Black TikTok creators have made waves in the platform’s community by going on a “dance strike.” Reacting to a lack of credit, some creators are refusing to make dances as proof that the platform depends on their creativity.
With TikTok continuing to be one of the highest-reaching, fastest-growing social media platforms, there has been concern over the lack of credit and exposure for Black creators. As is popularly noted, while white creators find tremendous success with dance videos — the Black creators behind those dances go relatively unnoticed.
Notably, TikTok stars like Addison Rae have come under backlash for profiting off of dances they did not create and failing to credit those behind them. Now, some Black creators are striking in order to prove that other, particularly white, creators will struggle to come up with dances without their help.
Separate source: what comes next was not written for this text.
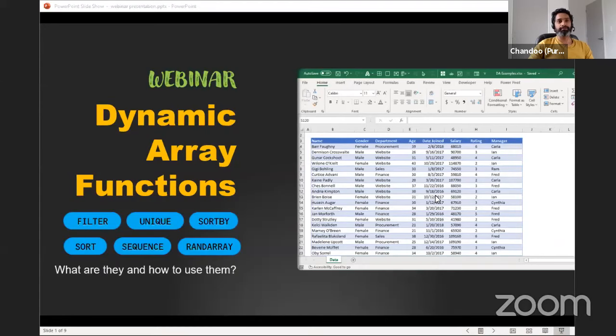I actually sent out a link to the blog article Chandu wrote yesterday, and Susan's going to pop it on the chat as well. The webinar topic is dynamic array functions and we'll be looking specifically at six new functions that Excel has introduced: Filter, Unique, Sort, SortBy, Sequence, and RandArray.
Started by TikTok’s Erick Louis (@theericklouis), Black creators are refusing to make dances for Megan Thee Stallion’s “Thot S**t.” A Twitter thread from LeslieMac shows just how hilarious some of the results have been.
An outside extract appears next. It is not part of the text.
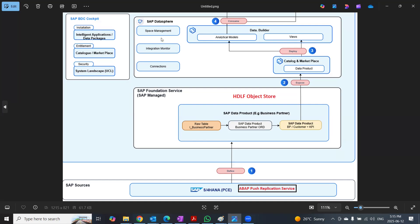We will set up a custom S4HANA connection to DataSphere. And that's going to be direct, not through the foundation service.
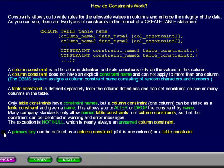A primary key can be defined as a column constraint if it is one column, or as a table constraint. Please pause this presentation to study the details.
As LeslieMac notes, there’s a new trend in which Black creators refuse to make a dance for “Thot S**t” in order to see what their white cohorts will come up with. And now, seeing what people did come up with… the point seems to have been proven.
With a song about hands on knees and shaking ass, the most popular dance videos seem to involve arms raised high. Unsurprised, Twitter is reacting by 1) laughing and roasting, and 2) noting how much TikTok influencers rely on Black creators.
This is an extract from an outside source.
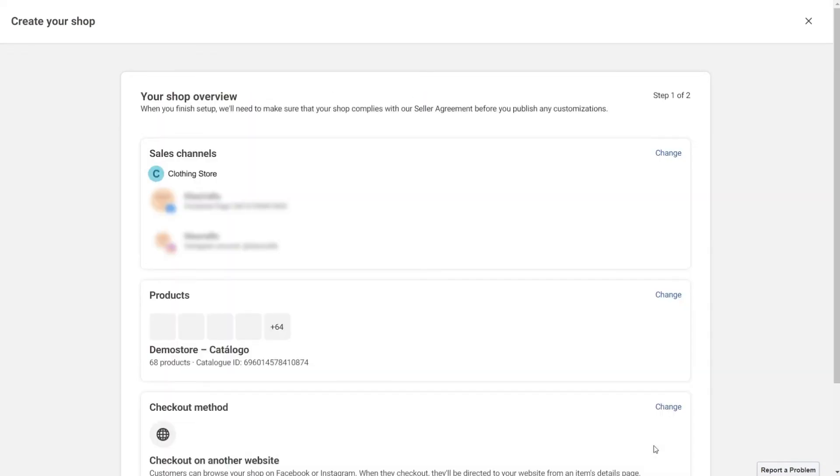If you already have a Facebook page or Instagram account connected, most of the details will already be filled in for you.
A popular TikTok in response involves a white woman, ‘xosugarbunny,’ agreeing with the second point: “I don’t ever wanna hear another f**king white woman say that TikTok dances and TikTok trends aren’t entirely stolen from Black women.”
Contrasting the song’s hands-on-knees lyrics with the arms-raised-high dance attempts, sugarbunny brutally roasts those who refuse to credit Black creators for TikTok trends.
The issue over credit is rightfully earning its shine, as it has existed for the entire platform’s lifespan. When Addison Rae was criticized for profiting off of dances she did not originate, the star agreed that it was “hard to credit during the show.”
Well, it seems like TikTok influencers should start figuring out how to credit the originators behind their dance videos. If not, the strike may continue and the platform’s choreography will struggle.